Estas palavras refletem, embora sendo muito posteriores, o espírito com que o Jornal “A Guarda” foi fundado pelo bispo D. Manuel Vieira de Matos, em 1904, que tinha sido nomeado bispo da Guarda no ano anterior. D. Manuel, enquanto arcebispo de Mitilene e auxiliar do Patriarcado de Lisboa (1899-1903), da Guarda (1903-1914) e de Braga (1914-1932), teve sempre como objetivos do seu episcopado a formação dos sacerdotes, a promoção da catequese e a formação laical, na qual a imprensa cristã tem um papel de relevo.
O Jornal “A Guarda” nasce desta preocupação de dar espírito cristão à vida das paróquias, da formação dos leigos e dos sacerdotes através da imprensa escrita. O seu trabalho nos onze anos em que foi bispo da Guarda foi imenso. Nos primeiros sete anos até à implantação da República, em 1910, visitou e organizou a Diocese e podemos afirmar que ao longo de todo o século vinte ele esteve presente através dos colaboradores que deram o tom à diocese da Guarda. O período que vai da implantação da República e a sua ida para Braga foi de uma intensa perseguição por parte dos poderes políticos à sua ação e pessoa, através dos vários desterros que foi obrigado. Aquando da sua morte, o jornal por ele fundado afirmava o seguinte: «O campo, onde, porém, a figura do grande lutador se ergueu a toda a altura da sua grandeza, foi a Guarda. A ação pastoral desenrolada na nossa diocese, as lutas homéricas sustentadas com as exigências brutais do poder civil e com as perseguições da demagogia local conseguiram uma personalidade inconfundível, que marcam nos anais do tempo, como uma figura lendária. O programa traçado à sua ação pastoral no famoso discurso pronunciado na Sé, no dia da sua chegada à Guarda, incluía três obras primaciais, a catequese, os seminários, o operariado. […] A proclamação do novo regime veio facilitar os manejos dos adversários do Prelado.

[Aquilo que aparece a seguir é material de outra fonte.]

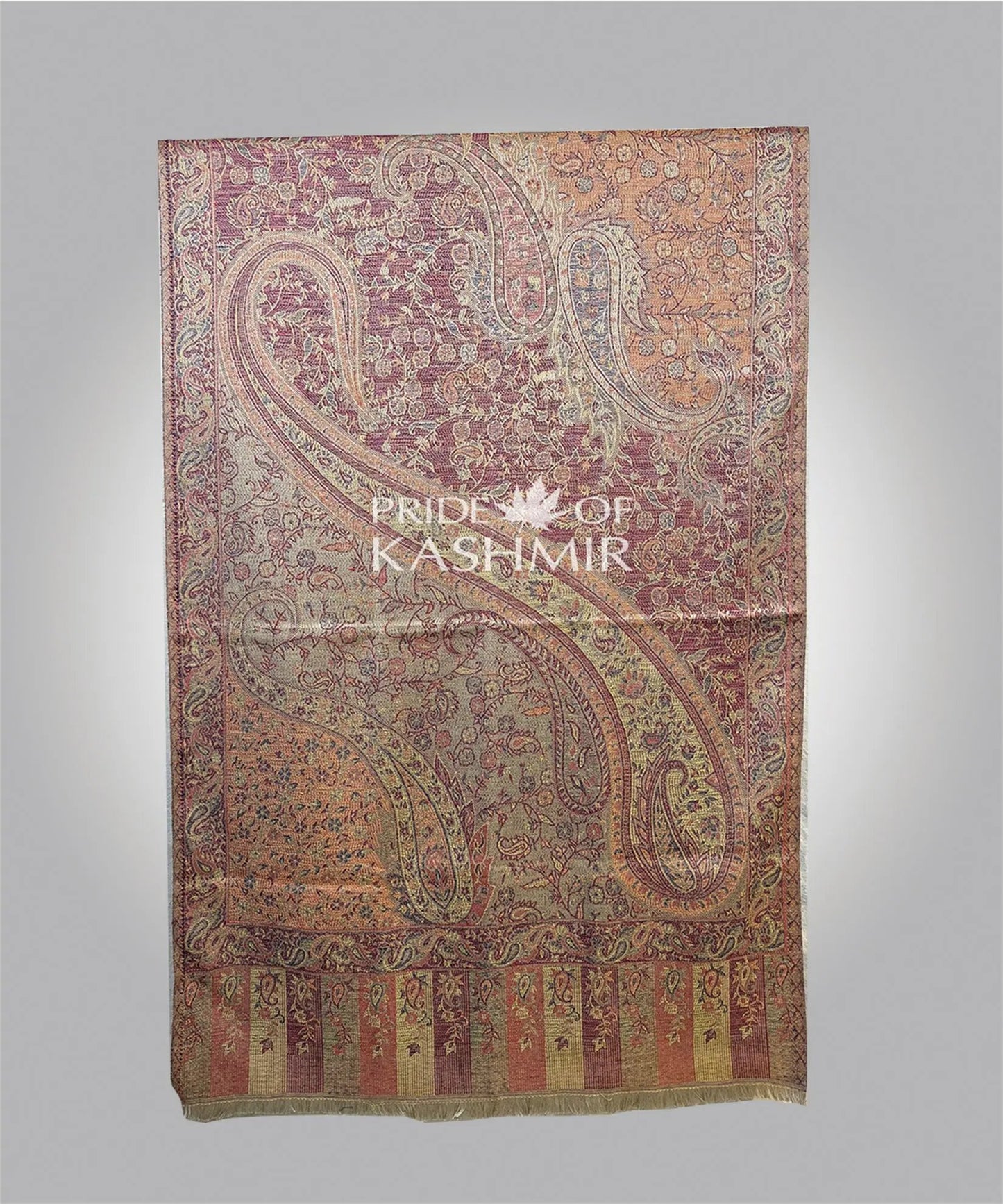 Autumn Whisper Pride of Kashmir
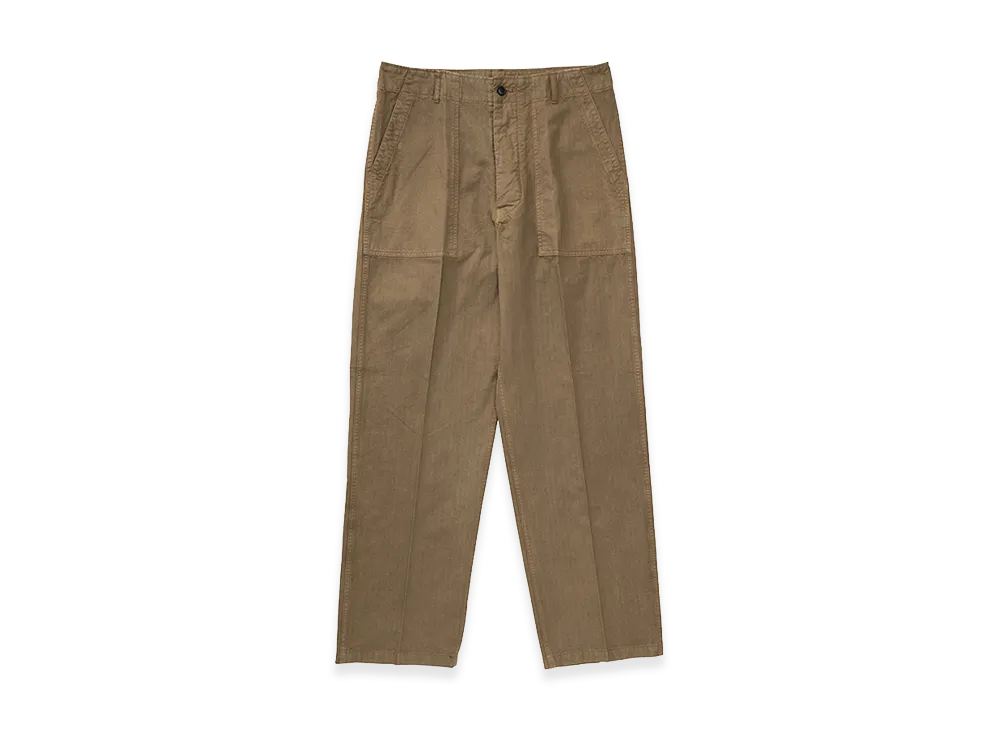 visvim Benning Pants "Olive"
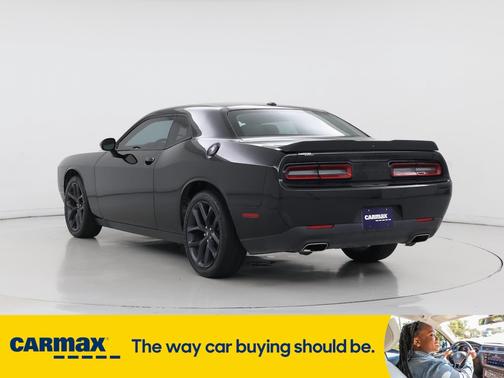 2020 Dodge Challenger SXT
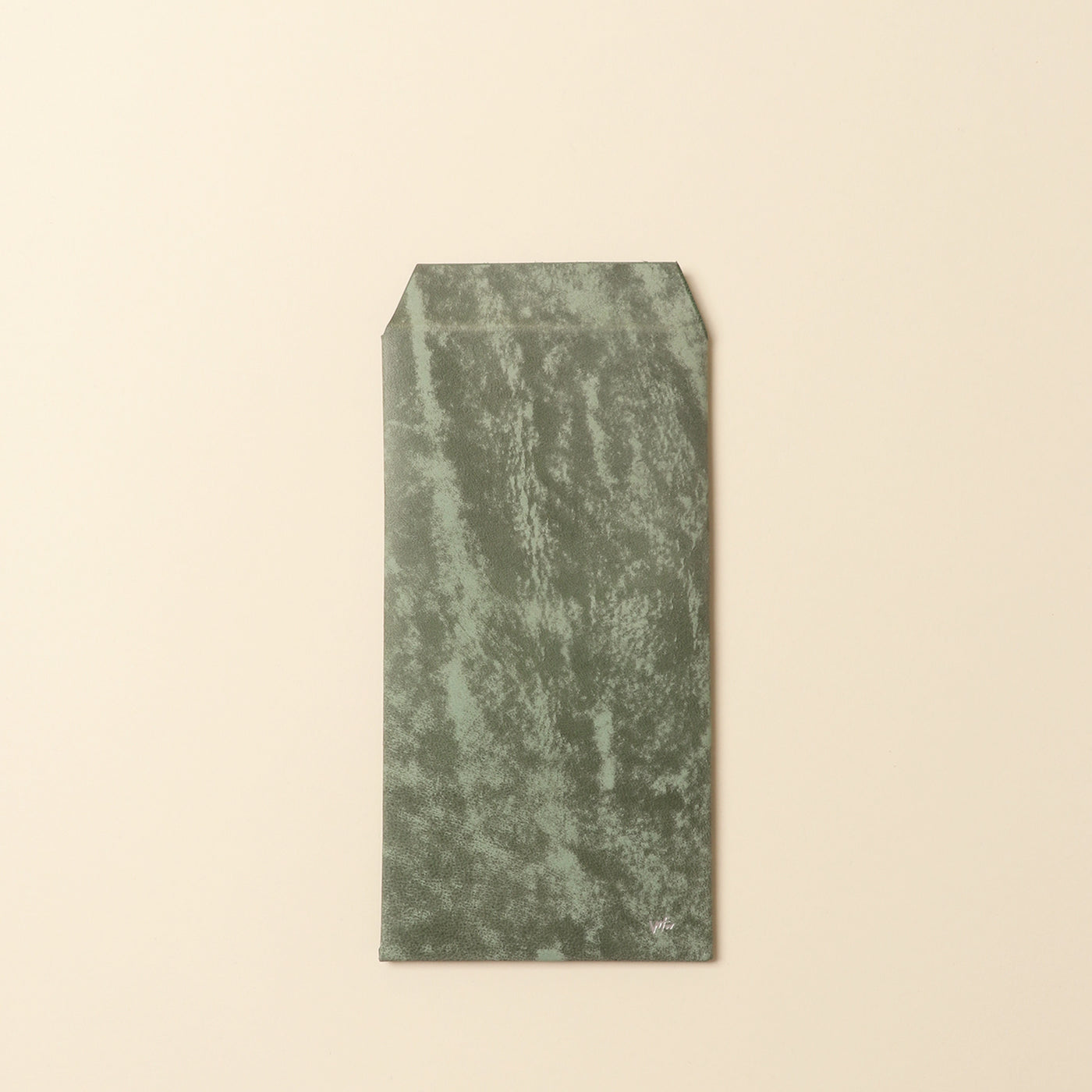 ＜モジャカワ＞ envelope ケース L/オレンジ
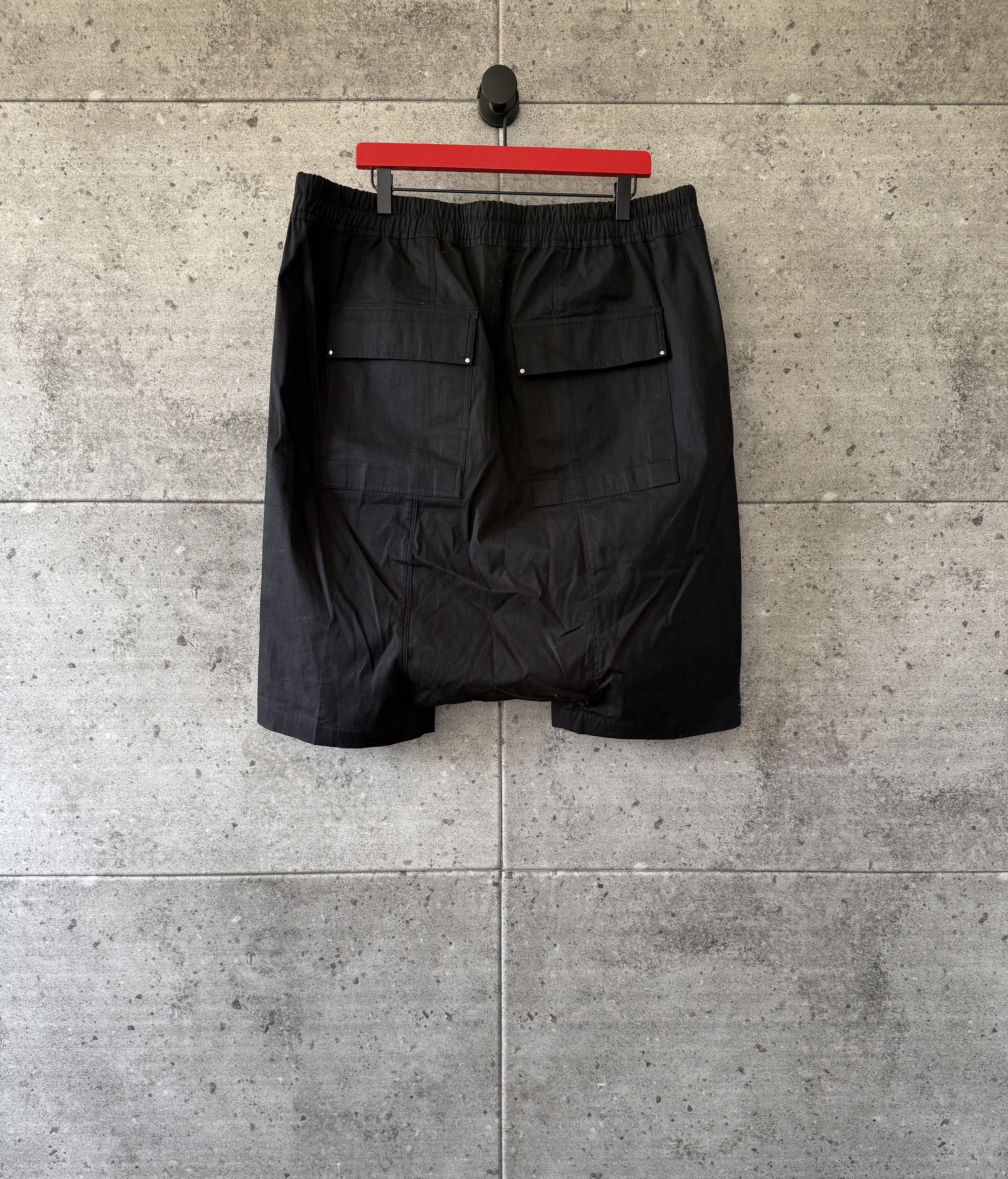 Rick Owens Rick owens pod shorts Size US 38 / EU 54 - 2 Thumbnail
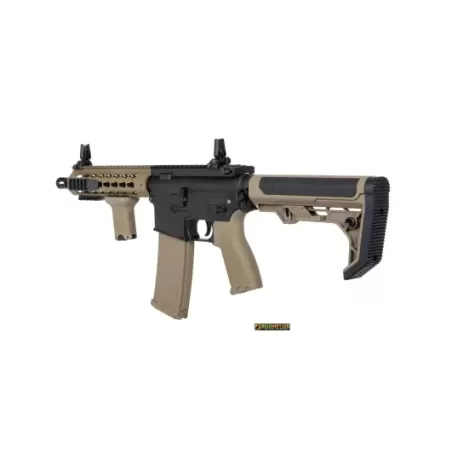 Specna Arms SA-E08 EDGE Carbine Replica Half-Tan Con Gate X-ASR Specna Arms SA-E08 EDGE Carbine Replica Half-Tan Con Gate X-ASR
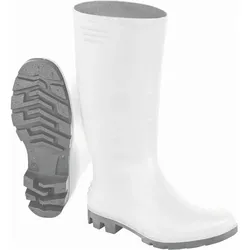 Berufsstiefel O4 "METZGER" - 40 - Weiß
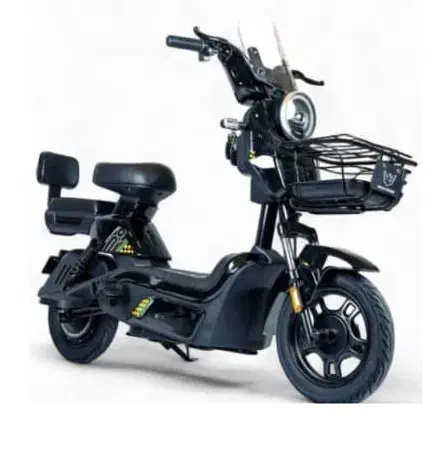 موتور سیکلت برقی /دوچرخه برقی  WIND HORSE چکی بخر|دوچرخه، اسکیت، اسکوتر|اصفهان, بوستان ناژوان|دیوار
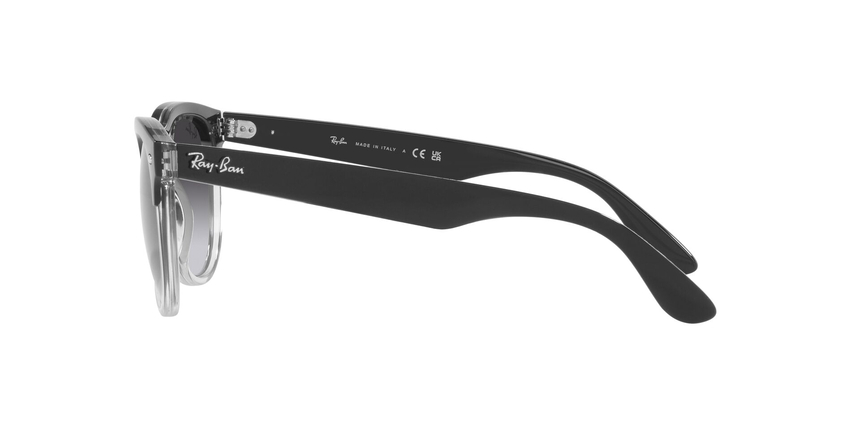 RB-4471 66308G NEGRO TRANSP 54*18, Negro-Transparente, hi-res image number 2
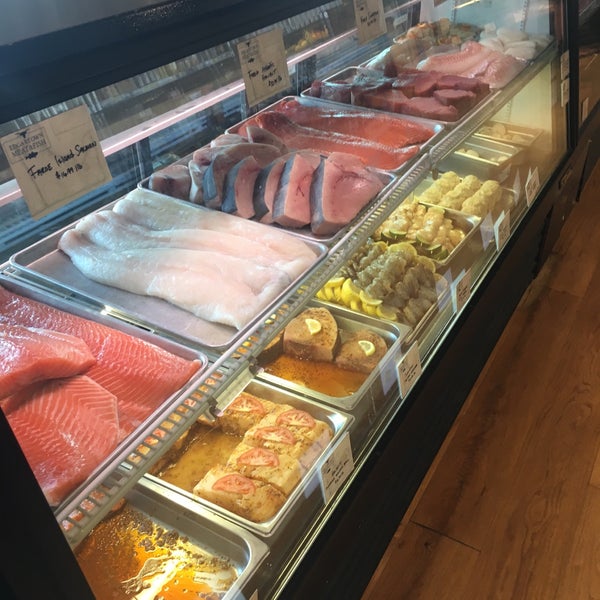 Edgartown Meat & Fish Market Edgartown, MA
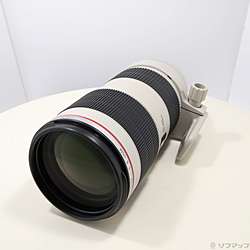 Canon EF 70-200mm F2.8L IS II USM (レンズ)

Mas mesmo assim eles não o venceram. […] Foi então que a valorosa figura do senhor D. Manuel Vieira de Matos se afirmou em toda a sua magnificência, em todo o esplendor da sua alma. Preso e exilado, não cedeu um passo ao inimigo…».
Hoje, a imprensa escrita, quer seja de inspiração cristã ou não, tem necessidade de se adaptar e recriar devido às imensas possibilidades que os novos meios tecnológicos vieram trazer à nossa vida e à forma de nos comunicarmos. As novas plataformas digitais, a internet… desafiam-nos a sermos capazes de comunicar o Evangelho nestes areópagos modernos. Daqui nascem alguns desafios: continua válido o mandato de Jesus dado aos seus apóstolos antes da sua Ascensão: “Ide e fazei discípulos em todas as nações”; um jornal de inspiração cristã é chamado a colocar no centro das suas preocupações o Evangelho de Jesus e a veicular os valores próprios da dignidade do ser humano; as fake news, notícias falsas, influenciam a sociedade e estão muitas vezes ao serviço de interesses em que os valores não são tidos em conta; a imprensa de inspiração cristã continua hoje a ter o seu papel de divulgação dos valores que deram origem à sociedade plural e democrática em que vivemos; as dificuldades por que passam estes meios de comunicação escritos exigem da parte de todos um grande empenhamento para os ajudarmos a ultrapassar as dificuldades que vivem no seu dia a dia. O meio de ajuda é a sua divulgação e o aumento do número de assinantes.
O Jornal “A Guarda” continua a ser um testemunho que traz para os dias de hoje notícias e narrativas de um passado que desejo ver sempre presente. Enquanto leitor, há cerca de meio século, faço votos que continue por muitos anos a sua missão de ser um jornal regional de inspiração cristã e que todos nos empenhemos em mantê-lo vivo e com o mesmo espírito combativo com que foi fundado.
† António Moiteiro, bispo de Aveiro.